The Price Students Pay for Textbooks

Langara Library has noticed that students are increasingly expecting and wanting copies of their textbooks in the library. This has always been the case – textbooks are expensive, they’re heavy to carry around – but the demand seems to grow each year.

In early 2016, the Florida Virtual Campus, a statewide academic support service, polled students across Florida’s 40 public post-secondary institutions about textbook affordability and use. The results, available on the Florida Virtual Campus Distance Learning and Student Services website, are quite astonishing.

Some key findings:

  • 66.6% of students who answered the survey don’t purchase the required textbook and 47.6% of students take fewer courses because of the cost of textbooks.
  • The cost of textbooks has a negative impact on student success, with 37.6% earning a poor grade and 19.8% failing a course because they did not buy the textbook.
  • The costs of textbooks themselves are going up, with respondents to the 2016 survey reporting that they spent more on textbooks than respondents in a similar survey from 2012, often upwards of $300 per term.
  • Students report that when they do buy the required textbooks, an average of 2.6 textbooks are not used at all during their academic career.
  • The costs are worse for college students than university students, with 56.3% of college students spending $301 or more per term on textbooks and other course materials compared to 50.5% of university students.

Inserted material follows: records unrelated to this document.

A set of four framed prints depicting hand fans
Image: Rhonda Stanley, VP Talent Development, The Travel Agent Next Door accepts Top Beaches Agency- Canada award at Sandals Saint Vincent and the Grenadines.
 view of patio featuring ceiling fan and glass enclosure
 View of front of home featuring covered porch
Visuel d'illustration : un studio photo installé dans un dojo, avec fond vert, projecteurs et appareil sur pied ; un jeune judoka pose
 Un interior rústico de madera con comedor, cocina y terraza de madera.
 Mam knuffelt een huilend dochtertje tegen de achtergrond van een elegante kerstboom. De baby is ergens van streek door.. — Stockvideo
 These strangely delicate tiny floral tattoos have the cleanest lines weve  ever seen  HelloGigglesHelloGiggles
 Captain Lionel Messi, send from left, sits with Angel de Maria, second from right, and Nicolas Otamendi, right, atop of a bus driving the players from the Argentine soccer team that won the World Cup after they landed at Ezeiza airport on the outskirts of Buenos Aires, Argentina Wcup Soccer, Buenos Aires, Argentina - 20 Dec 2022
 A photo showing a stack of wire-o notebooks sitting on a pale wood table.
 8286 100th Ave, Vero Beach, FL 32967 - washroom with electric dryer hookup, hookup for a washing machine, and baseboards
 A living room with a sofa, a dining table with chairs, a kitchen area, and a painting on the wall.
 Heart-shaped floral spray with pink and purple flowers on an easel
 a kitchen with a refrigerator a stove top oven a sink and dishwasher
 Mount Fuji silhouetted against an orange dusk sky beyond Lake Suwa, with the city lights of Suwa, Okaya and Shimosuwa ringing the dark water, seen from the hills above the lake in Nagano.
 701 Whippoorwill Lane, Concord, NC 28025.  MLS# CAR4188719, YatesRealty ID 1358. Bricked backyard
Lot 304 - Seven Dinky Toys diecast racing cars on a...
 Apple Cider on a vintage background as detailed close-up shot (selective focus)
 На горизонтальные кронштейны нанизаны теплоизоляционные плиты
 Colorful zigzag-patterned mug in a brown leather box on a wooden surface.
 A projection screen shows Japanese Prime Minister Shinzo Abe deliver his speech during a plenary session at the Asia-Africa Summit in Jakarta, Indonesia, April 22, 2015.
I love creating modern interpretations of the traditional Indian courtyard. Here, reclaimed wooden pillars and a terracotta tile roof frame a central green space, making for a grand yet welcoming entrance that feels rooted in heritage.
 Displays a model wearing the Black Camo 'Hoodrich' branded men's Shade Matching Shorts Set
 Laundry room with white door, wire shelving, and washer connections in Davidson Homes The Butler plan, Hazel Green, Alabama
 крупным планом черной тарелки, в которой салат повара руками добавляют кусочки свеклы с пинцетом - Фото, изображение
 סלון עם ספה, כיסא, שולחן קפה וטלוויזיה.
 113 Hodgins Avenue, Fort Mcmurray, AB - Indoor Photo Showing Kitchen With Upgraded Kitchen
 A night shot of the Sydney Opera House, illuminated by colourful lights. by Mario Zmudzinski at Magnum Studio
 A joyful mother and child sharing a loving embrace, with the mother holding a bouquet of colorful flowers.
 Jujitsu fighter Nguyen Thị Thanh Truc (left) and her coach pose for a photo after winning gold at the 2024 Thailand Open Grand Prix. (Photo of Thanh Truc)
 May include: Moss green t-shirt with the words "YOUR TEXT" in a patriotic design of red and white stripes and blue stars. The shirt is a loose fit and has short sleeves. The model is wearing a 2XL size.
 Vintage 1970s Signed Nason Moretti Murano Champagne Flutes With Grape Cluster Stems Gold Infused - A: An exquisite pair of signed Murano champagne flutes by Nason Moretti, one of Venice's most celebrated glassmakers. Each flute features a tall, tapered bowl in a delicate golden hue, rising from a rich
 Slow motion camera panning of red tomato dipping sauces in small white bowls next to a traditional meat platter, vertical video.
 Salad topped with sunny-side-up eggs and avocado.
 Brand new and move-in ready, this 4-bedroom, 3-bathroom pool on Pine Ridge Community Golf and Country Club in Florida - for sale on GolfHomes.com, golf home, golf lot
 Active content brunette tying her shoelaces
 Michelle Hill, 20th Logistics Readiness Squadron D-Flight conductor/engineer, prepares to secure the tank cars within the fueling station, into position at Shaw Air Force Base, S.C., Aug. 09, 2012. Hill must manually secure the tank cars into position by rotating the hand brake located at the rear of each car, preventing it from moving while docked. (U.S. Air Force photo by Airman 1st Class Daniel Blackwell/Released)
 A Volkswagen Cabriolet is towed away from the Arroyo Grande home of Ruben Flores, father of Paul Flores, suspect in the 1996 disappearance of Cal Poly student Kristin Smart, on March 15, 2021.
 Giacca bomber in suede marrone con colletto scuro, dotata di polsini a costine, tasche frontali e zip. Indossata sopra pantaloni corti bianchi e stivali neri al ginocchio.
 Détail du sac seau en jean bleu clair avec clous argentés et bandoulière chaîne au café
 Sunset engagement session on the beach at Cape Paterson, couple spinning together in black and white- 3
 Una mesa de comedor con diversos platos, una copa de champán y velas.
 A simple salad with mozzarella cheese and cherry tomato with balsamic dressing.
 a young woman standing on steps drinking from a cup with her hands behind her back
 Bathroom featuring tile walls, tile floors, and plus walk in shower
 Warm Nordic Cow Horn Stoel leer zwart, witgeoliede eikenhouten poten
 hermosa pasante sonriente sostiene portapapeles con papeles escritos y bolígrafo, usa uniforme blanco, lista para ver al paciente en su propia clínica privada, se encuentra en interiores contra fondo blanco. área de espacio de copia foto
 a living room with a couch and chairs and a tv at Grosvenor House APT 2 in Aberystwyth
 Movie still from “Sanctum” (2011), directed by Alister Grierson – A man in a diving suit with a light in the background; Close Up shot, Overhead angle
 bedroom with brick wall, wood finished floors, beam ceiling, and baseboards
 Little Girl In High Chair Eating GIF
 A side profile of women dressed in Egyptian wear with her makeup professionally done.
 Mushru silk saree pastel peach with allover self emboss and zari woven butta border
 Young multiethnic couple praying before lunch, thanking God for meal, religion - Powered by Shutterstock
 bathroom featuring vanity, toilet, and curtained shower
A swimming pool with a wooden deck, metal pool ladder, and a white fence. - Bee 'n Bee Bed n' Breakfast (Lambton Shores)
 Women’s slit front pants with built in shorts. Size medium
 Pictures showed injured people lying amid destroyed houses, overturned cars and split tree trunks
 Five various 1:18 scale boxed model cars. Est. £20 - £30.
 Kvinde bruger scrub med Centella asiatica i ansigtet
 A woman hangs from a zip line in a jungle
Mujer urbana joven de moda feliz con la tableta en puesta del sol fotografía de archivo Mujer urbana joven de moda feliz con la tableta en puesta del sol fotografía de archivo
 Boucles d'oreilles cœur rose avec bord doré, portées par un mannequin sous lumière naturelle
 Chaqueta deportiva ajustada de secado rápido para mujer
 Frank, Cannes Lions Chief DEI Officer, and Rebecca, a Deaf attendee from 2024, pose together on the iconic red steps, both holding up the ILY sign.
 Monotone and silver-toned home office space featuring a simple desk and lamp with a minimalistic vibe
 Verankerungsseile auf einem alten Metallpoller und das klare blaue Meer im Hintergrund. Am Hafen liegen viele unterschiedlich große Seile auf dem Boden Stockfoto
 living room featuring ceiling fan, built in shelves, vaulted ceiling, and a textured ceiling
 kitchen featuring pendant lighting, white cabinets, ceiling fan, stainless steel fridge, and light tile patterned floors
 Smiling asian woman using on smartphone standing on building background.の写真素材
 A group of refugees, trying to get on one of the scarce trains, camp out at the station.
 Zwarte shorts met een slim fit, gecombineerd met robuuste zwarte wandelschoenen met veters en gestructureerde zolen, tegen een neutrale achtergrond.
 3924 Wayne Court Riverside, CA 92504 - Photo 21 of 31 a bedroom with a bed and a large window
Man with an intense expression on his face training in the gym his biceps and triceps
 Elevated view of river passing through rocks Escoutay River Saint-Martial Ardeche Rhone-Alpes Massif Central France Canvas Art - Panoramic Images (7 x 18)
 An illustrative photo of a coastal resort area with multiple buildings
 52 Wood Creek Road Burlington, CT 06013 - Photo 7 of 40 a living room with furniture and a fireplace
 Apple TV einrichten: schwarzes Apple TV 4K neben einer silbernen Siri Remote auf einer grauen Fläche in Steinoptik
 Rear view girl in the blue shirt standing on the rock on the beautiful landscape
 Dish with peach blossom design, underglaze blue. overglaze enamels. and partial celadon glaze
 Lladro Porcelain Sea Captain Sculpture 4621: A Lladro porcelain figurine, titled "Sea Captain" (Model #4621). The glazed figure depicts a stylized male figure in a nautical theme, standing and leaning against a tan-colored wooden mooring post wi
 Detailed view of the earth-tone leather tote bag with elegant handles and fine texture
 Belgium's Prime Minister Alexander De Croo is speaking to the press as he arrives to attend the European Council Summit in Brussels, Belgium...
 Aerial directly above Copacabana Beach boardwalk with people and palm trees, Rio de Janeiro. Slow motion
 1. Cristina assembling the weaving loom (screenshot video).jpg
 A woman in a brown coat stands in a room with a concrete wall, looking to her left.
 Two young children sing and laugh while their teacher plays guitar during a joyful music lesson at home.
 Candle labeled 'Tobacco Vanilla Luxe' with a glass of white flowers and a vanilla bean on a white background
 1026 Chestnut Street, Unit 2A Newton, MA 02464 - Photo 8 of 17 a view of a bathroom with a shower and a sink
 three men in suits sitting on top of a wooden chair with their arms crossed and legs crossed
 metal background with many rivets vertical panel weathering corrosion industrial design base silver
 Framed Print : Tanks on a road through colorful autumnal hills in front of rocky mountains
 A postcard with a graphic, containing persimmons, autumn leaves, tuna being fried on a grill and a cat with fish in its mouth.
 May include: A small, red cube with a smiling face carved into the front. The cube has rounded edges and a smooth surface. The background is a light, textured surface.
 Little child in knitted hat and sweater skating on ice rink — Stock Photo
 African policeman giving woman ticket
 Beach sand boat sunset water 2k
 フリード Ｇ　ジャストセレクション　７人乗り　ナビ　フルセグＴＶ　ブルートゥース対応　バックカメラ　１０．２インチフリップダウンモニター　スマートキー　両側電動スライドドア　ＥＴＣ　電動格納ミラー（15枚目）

Students in Canada face similar financial barriers. The Canadian Federation of Students reports that the cost of textbooks have increased by “2.44 times the rate of inflation since 2008.”

Langara Library does provide access to some required textbooks, but we generally do not purchase textbooks for our collection as the cost is prohibitive. Our collection development guidelines have more details. We are happy to work with instructors to find alternate materials including open textbooks and other open educational resources.